Gwendolyn Cohen

Assistant Professor

Gwendolyn Cohen

School of Architecture, Planning and Landscape Architecture

Master of Landscape Architecture

221L Dudley Hall


EDUCATION
Master of Landscape Architecture, University of Virginia, 2014
Bachelor of Fine Arts, Rhode Island School of Design, 2005

Gwendolyn Cohen is an Assistant Professor of Landscape Architecture in the School of Architecture, Planning and Landscape Architecture, where she teaches landscape architecture design studios, courses in the Construction Sequence and elective seminars.

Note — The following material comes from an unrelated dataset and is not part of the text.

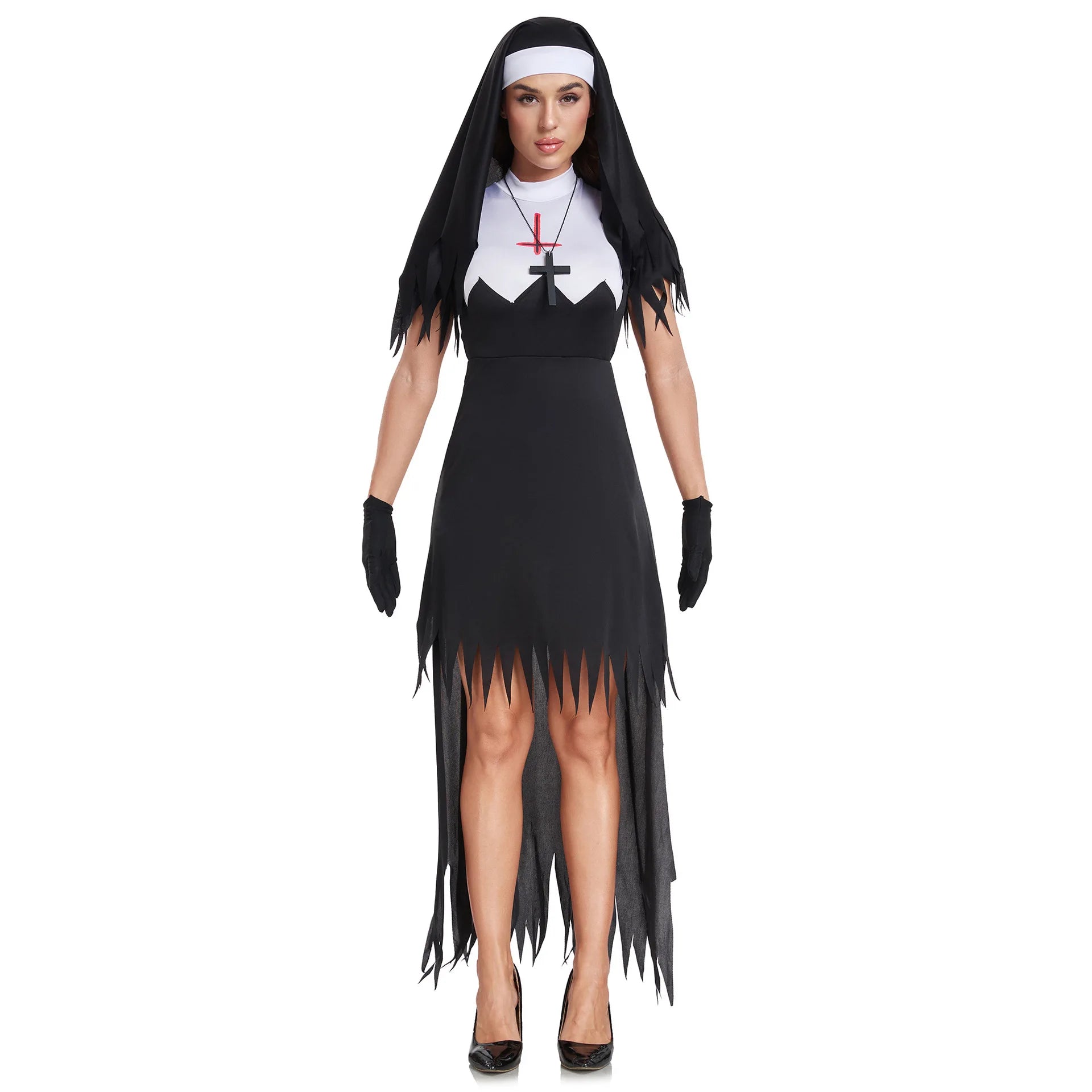 Zombie Nun Costume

She graduated from the University of Virginia with a Master in Landscape Architecture and holds a Bachelor of Fine Arts from the Rhode Island School of Design. Gwen has practiced landscape architecture as an associate at Studio Outside Landscape Architecture in Dallas, Texas and as a landscape designer at Spackman, Mossop, Michaels in New Orleans, Louisiana. Gwen lead master planning projects for the Bernheim Arboretum and Research Forest, Fort Worth Botanic Garden, and Marsh Botanical Garden. Her built work ranges in scale and includes the design of twenty-three Dallas Public School campuses that now serve as public parks, a corporate campus in Columbus, Ohio, and innovative residential developments such as PS1200 in Fort Worth (in collaboration with D.I.R.T. Studio) and Saint Thomas / Ninth in New Orleans. While practicing, she co-taught studios at the University of Texas in Arlington and the University of Texas in Austin. She served as an artist-in-residence at the University of Oregon’s Overlook Field School. In collaboration with Isaac Cohen, she has researched the Blackland Prairie of Texas—its expansive vertisol soils, its ecologies, its cycles of disturbance, and people’s relationship to it. The Black Belt of Alabama is also defined by its vertisol soils, and shares similar cultural histories. These two ecoregions share a geologic history and reveal the connection between the ground and lived experiences of place.

RESEARCH INTERESTS
Gwendolyn Cohen is a landscape designer whose work considers kinship to the ground, the stories of prairie landscapes, and ways of reading the landscape. Each of these threads are deeply concerned with place, perception, (joyful whimsy), and materiality.